■ **TASK DESCRIPTION**
What's needed is an exact copy of the lines from the one that contains "prodaja, kuća, odra, odranska" to the end of the data below, leaving the pictures out.

━━━ MATERIAL SHOWN ━━━

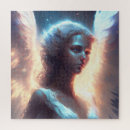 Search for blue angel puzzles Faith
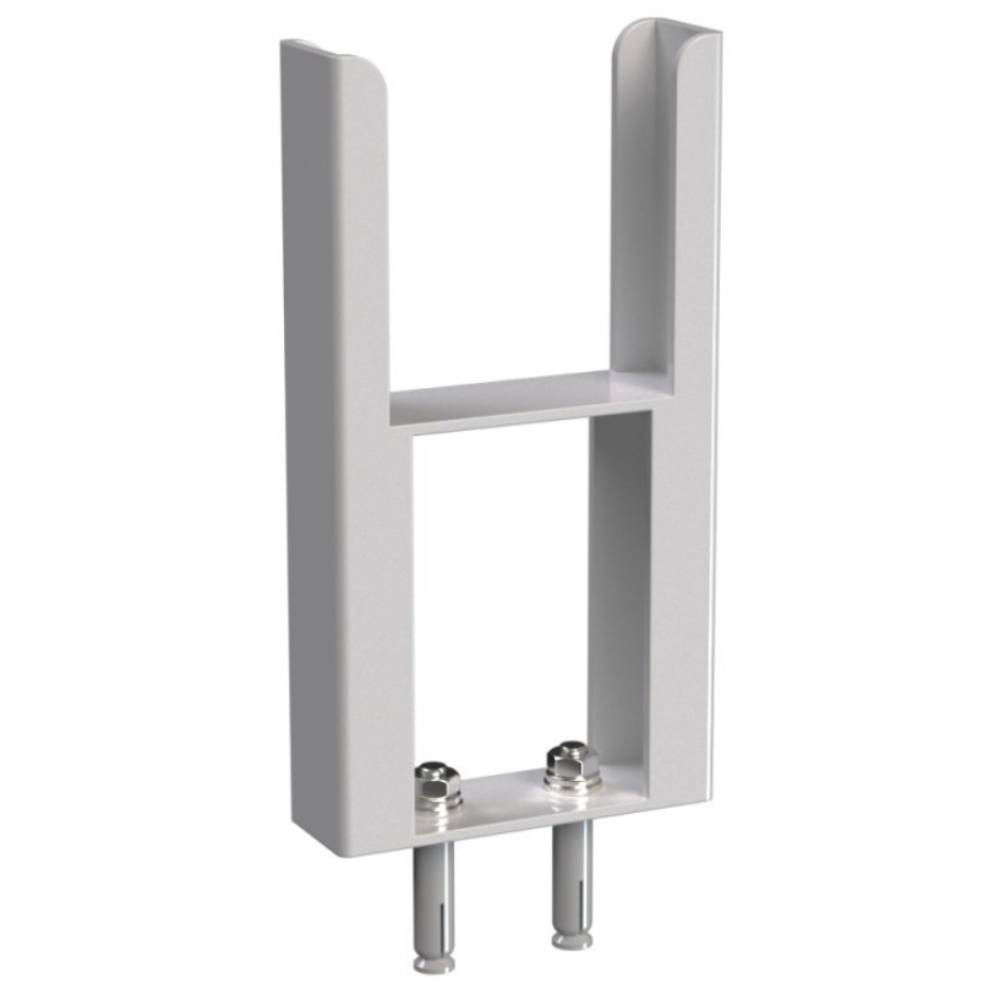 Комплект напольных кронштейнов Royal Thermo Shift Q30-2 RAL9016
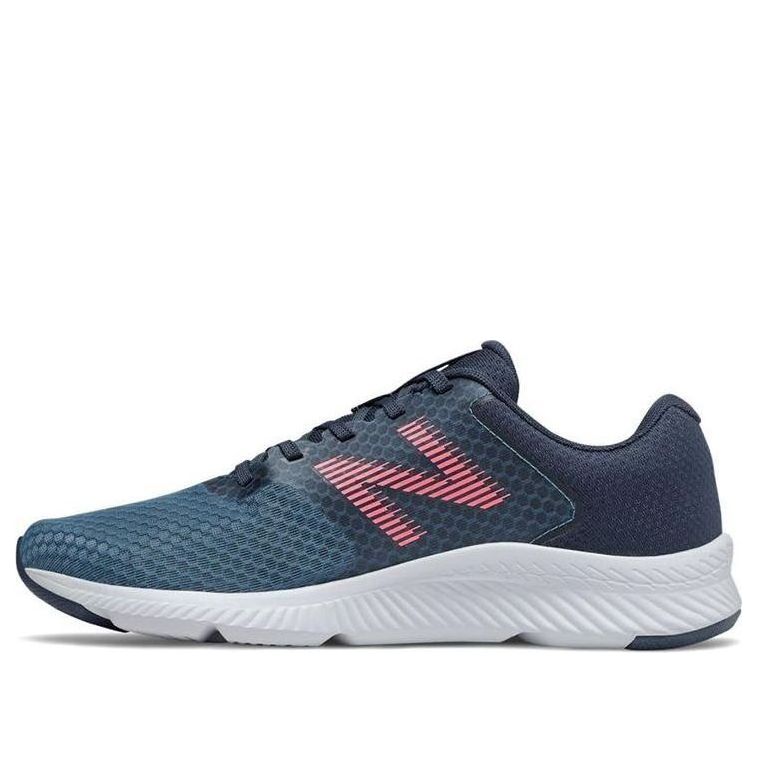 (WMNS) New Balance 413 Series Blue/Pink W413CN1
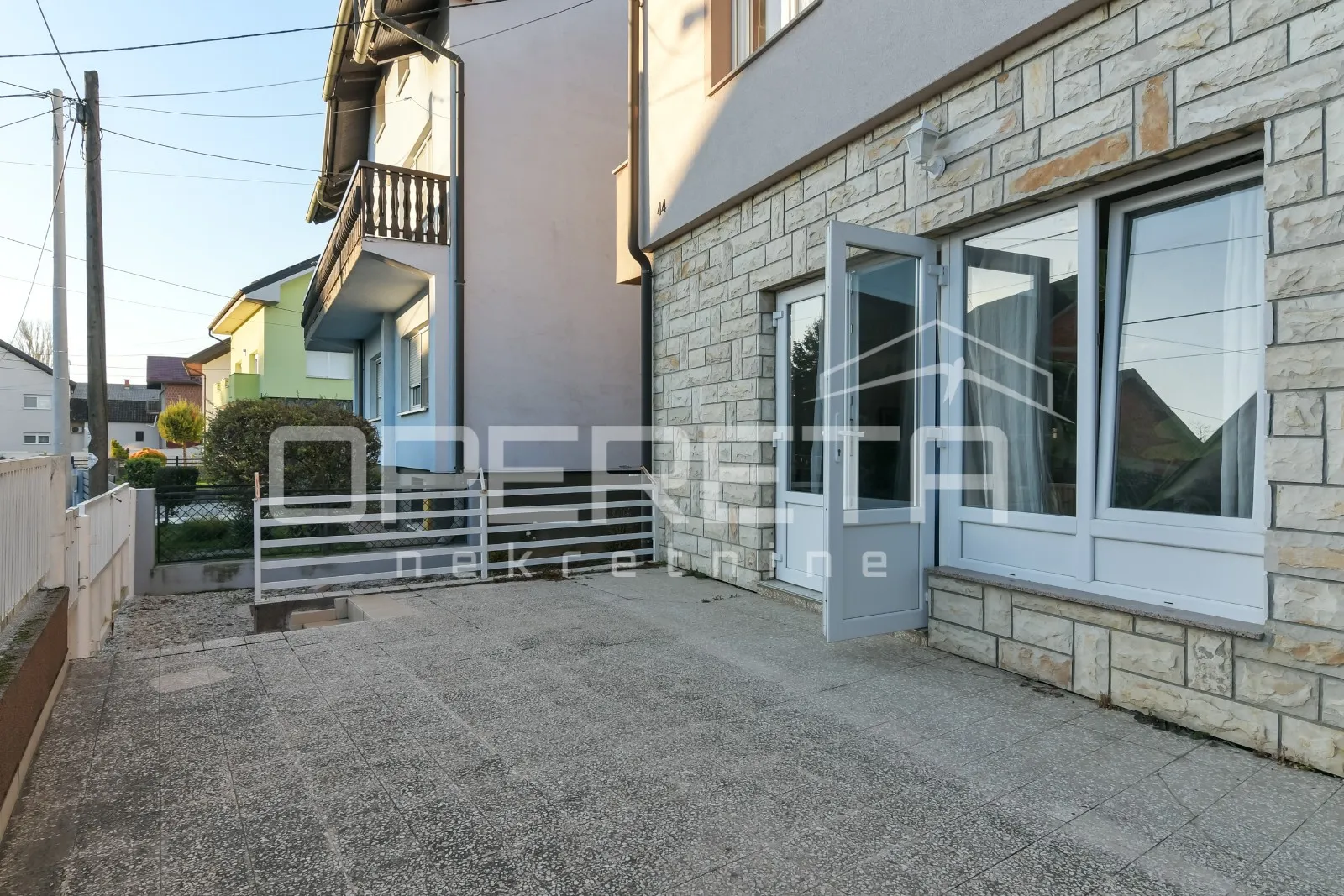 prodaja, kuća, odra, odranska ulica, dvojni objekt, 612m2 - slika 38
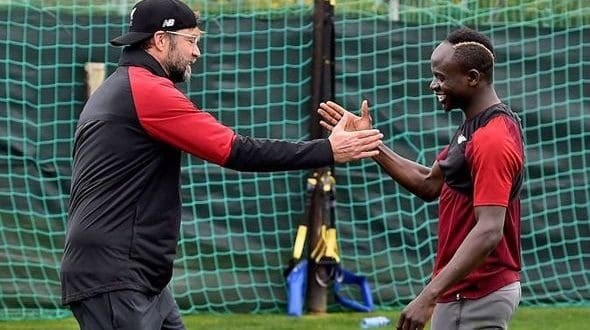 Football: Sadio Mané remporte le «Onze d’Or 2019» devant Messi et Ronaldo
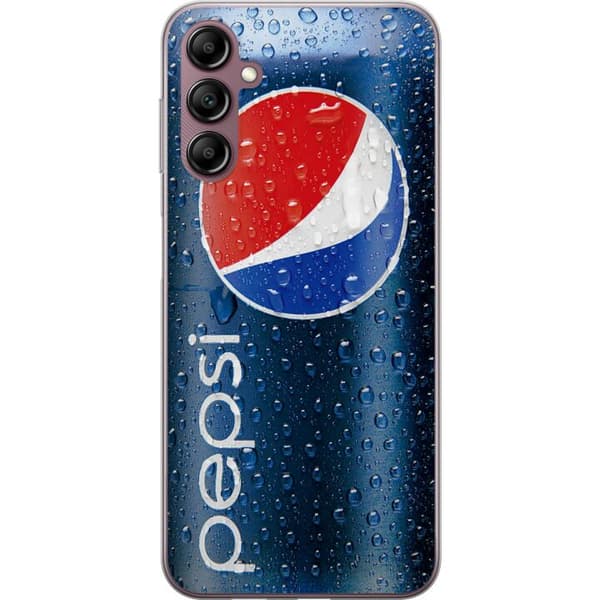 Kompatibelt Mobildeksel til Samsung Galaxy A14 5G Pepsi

━━━

■ **TASK RESPONSE**
 prodaja, kuća, odra, odranska ulica, dvojni objekt, 612m2 - slika 38
 Football: Sadio Mané remporte le «Onze d’Or 2019» devant Messi et Ronaldo
 Kompatibelt Mobildeksel til Samsung Galaxy A14 5G Pepsi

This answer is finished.